My first instinct was to be offended. Even after all this time of knowing I do pole and watching the videos of my performances, you still see me as a stripper and don’t see pole as a sport?!? My second emotion was defensiveness. It’s my home, my daughter, my sport, and you don’t even know what I do in class! You don’t genuinely care about my daughter, you’re just judgmental and prejudice. But my third emotion won out – heartbreak. You have no idea what you’re missing out on and you want to rob my daughter of one of the most amazing parts of my life!
After a few moments of silence to process these emotions, my response went something like this, “While I agree that I don’t want my daughter exposed to things inappropriate for her age, you should know, I do pole dance in front of my daughter. I even have her join me on the pole occasionally when her Daddy is there to spot us. She loves sitting on my lap as I practice my sits and I often do my conditioning moves or practicing my spins and poses with Charis in the room.”
She was simply aghast. “Why on earth would you want to encourage your daughter to dance like that?!? What if she uses it to be a stripper for college?!?” she exclaimed.
“Why should she associate my sport with stripping?” I asked. My friend looked at me with this look of Are you serious?

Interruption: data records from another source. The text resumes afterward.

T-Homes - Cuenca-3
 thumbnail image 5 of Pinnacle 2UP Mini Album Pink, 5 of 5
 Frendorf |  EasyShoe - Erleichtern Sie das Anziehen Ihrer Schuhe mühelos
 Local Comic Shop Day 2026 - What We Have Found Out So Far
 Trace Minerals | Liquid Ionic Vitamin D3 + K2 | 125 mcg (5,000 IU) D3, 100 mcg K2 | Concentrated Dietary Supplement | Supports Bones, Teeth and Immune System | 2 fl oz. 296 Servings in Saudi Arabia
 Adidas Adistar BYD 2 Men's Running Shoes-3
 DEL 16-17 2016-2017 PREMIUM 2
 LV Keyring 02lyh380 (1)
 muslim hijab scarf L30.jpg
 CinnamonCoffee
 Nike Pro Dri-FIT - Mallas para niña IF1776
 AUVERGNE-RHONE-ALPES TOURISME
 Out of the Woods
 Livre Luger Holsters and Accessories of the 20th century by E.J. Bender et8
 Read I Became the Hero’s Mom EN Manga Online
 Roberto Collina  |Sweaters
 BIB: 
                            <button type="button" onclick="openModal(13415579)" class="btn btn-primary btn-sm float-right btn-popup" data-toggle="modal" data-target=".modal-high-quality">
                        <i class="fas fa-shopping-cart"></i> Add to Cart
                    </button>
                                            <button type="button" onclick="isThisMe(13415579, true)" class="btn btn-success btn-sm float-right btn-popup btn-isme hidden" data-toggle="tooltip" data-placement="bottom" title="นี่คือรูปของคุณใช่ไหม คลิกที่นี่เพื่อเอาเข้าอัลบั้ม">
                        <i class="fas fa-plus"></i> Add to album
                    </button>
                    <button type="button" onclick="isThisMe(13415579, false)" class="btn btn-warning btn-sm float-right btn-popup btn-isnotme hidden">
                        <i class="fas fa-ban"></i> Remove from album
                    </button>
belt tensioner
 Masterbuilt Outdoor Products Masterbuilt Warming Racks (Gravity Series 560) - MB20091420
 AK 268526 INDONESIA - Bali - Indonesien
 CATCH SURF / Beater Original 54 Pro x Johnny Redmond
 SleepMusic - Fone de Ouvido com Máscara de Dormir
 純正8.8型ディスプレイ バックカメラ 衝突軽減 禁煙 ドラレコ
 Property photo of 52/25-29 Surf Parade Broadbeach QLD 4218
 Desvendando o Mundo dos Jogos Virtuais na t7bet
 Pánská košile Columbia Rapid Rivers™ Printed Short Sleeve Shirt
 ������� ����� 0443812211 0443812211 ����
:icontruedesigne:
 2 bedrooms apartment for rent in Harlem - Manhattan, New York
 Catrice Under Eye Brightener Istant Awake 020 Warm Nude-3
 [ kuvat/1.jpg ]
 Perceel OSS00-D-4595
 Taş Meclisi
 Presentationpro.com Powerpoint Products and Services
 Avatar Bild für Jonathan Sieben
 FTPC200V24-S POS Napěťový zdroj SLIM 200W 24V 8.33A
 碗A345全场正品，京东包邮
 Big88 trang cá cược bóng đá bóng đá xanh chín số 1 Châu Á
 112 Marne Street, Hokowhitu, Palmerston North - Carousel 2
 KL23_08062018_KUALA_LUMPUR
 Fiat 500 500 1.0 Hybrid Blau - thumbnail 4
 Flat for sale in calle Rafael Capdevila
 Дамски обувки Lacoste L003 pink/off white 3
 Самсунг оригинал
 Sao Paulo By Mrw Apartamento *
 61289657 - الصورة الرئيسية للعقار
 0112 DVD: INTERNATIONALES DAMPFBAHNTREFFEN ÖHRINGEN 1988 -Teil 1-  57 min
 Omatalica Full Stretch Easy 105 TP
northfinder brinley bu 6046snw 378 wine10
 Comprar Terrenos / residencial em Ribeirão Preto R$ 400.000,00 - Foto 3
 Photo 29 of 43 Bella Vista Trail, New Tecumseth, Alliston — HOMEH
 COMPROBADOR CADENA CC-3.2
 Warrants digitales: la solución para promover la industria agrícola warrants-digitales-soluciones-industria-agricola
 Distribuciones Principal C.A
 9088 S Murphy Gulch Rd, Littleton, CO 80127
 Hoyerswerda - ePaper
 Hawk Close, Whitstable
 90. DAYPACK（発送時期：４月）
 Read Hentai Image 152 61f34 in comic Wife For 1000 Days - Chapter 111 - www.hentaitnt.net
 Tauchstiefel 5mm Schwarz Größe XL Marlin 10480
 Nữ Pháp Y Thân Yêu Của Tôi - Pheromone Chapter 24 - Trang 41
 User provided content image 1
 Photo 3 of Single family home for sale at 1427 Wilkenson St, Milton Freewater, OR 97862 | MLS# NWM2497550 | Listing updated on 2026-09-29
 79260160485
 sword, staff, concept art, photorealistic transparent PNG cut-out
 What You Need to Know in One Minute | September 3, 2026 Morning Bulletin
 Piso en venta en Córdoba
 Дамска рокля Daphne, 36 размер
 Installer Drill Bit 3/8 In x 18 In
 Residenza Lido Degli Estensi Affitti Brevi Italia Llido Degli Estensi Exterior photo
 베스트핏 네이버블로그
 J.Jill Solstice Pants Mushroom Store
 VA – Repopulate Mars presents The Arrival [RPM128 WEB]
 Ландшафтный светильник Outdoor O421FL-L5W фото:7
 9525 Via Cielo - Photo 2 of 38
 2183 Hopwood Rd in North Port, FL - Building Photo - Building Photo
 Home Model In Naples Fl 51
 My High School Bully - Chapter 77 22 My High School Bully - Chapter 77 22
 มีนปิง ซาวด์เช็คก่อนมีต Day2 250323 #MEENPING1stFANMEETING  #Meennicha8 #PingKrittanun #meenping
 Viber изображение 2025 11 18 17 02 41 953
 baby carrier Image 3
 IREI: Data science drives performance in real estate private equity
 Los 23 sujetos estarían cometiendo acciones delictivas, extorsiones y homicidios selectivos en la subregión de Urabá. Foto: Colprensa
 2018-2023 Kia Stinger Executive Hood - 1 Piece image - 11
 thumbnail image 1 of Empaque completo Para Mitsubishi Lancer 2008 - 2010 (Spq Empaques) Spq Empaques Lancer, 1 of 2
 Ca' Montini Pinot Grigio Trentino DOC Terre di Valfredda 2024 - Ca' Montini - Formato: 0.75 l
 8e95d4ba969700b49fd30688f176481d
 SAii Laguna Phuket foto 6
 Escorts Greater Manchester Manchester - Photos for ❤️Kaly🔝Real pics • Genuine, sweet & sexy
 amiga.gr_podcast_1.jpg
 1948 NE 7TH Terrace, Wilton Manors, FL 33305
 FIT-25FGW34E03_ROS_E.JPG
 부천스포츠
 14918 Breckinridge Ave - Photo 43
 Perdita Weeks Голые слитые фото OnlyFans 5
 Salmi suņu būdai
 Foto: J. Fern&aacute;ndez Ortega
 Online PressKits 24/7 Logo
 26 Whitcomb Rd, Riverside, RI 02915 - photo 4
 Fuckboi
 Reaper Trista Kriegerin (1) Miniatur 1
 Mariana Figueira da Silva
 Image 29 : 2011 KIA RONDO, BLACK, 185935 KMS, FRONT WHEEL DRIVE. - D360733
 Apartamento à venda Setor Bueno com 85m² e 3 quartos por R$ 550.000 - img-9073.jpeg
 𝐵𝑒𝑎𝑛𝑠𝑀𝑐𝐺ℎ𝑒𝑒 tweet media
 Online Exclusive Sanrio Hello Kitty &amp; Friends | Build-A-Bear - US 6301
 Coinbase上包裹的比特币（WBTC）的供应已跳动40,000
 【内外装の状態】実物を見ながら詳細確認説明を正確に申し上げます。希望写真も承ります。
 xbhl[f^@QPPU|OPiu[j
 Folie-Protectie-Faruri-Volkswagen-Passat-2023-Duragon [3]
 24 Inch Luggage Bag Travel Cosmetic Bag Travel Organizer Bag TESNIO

“Who’s going to tell my daughter what a stripper is? Where is she going to see that? I’m certainly not going to take my toddler to a strip club and we don’t watch those kind of movies in our home. If we raise her that pole is a sport, being considered for the olympics by the way, she won’t have the view of stripping, just of strength and flexibility that she sees me learning. Yes, eventually, as she gets older and is exposed to more of the world, Luke and I will tell her about the other view of pole, but if her first impressions are that of fitness and beauty, that’s the perspective she’ll have – sport not stripping. Yoga was once a sacred religious ritual and that’s now a form of exercise. Tai chi was used to train Chinese warriors and is also now taught in fitness studios. Pole, at least, started as a Indian sport, and wasn’t even considered burlesque until the 1950’s and then put in clubs for strippers in the 1980’s. But regardless of who views it as what, my sport makes me feel strong and beautiful and I hope to pass that onto my daughter. I hope that she finds a sport that makes her feel the way pole makes me feel and I hope that I’m able to teach her that she is gorgeous, powerful and valuable, just the way God made her.”
To all my other Pole Mamas out there who have had similar conversations or are struggling to defend your sport to others not willing to try it, I hear you, I feel you, I see you. Know that you are not alone. Together we can inspire our children as we stand strong, dance gracefully, and fly confidently!